Perhaps the ground zero of Laotian spirituality remains untouched because direct flights into the ancient city are limited. And as I look out the window from my seat on the plane en route to Luang Prabang, I am treated to one of the best landing views of my life. The wet kiss shared by the mighty Mekong and Khan River stretches out lazily towards lofty hills, marking the tiny kingdom’s jagged fences. Green peaks almost meet the aircraft’s wingtip as we descend alongside streaks of sunrays that cast a numinous effect on the earthbound scene.

Once on the ground, I’m drawn towards the quiet streets wandered by shoeless, saffron-clad monks. Unlike the unnerving traffic in Hanoi or Siem Reap, crossing the roads in this quaint Laotian town feels like crossing my own front yard. I don’t see tourist-packed busses or bumper-to-bumper commotions, just the occasional scooter and vintage car.

At the Amantaka hotel, the staff, alongside Prince Nithakhong Somsanith, the hotel’s very own cultural advisor, greet me when I arrive. For the next few days, Nith, as he is fondly called, led us on a journey of cultural enlightenment. But before we do that, I walk past the tranquil compound’s main swimming pool, outlined by iridescent lanterns hand-lit every evening, to the doorsteps of my suite. I’m glad to see that I have my own good-sized pool and patio. Inside, the lofty-ceilinged space is a textbook illustration of heritage restoration, containing a towering four-poster bed and other custom-made colonial-like furniture. Beautiful black-and-white photographs of everyday Lao life dress up the white walls, while the building’s original pistachio-patina shutters add a dash of colour.

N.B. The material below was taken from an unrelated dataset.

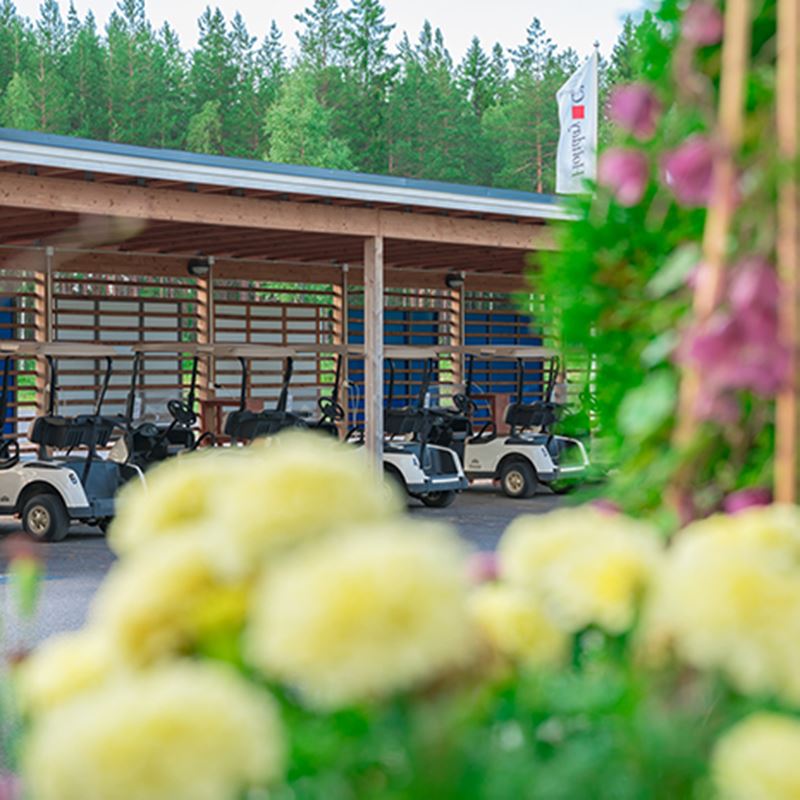Saimaa_golf_cars_squ.jpg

Ready for dinner, I head to the hotel’s main dining room. Its airy ambience is topped by the platefuls of warm Lao and international cuisine. On clearer nights, many guests choose to dine at the open-air terrace, facing the pool, to savour personalised tipples and delectable dishes, such as a bowl of ginger, bok choy and dill soup; bamboo shoot stuffed with minced chicken; and steamed fish in banana leaf with coriander, egg and coconut milk. Every Lao meal comes with the staple Laotian sticky rice, served in traditional bamboo baskets.

Straddling Luang Prabang’s main central grid, Amantaka is tucked away in a quiet corner close to many places of interest. En route to the Royal Palace Museum, a hike up stupa-topped Mount Phousi is simply too good to miss. There’s also the 16th century gem Wat Xieng Thong, Luang Prabang’s grandest temple. The main shrine’s impressive gilded teak panels and tiered roof lines sweep almost to the ground. It is also decorated inside and out with scintillating glass mosaics and traditional stenciled gold motifs on maroon or jet-black backgrounds.

“A lot of tourists see temples as places to visit, but do not see the importance and meaning in them,” says Nith, a multi-talented artist and all-round protector of scared ancient Lao art. “These temples and their walls are actually like dictionaries. The craftsmanship of stencil works can also be seen as meditation, where countless acts of carving become a form of concentration.”

A descendant of the nation’s last viceroy, Nith personally thinks tourism is important but he hopes to help preserve the charm and authenticity of his beloved city. “I want to teach the younger generation the art of everything — dancing, music, embroidery and the value to preserve their cultural identity.”

However, increased social contacts with tourists are undoubtedly influencing local ideologies and aspirations. Cultural impacts and conflicts billow, especially when tourism comes into direct contact with religious sites or practices.

So, as I kneel by the roadside at the entrance of Amantaka the next morning, before the daybreak procession of almsgiving, I am reminded to be respectful. “We must dress properly, have good manners by bowing down, being silent and not making eye contact with the monks. It’s important to understand that this is a highly revered ritual of giving offerings of food to monks. It is also not okay to place money, or even anything else besides rice, into their alms bowls,” informs Nith.

While the city seems accept tourism, the expectation is that holidaymakers have to respect simple boundaries. My time in Luang Prabang has indeed been eye-opening. I will be back, maybe in a year or two, to see if the spirit of the place will be the same. I truly hope so.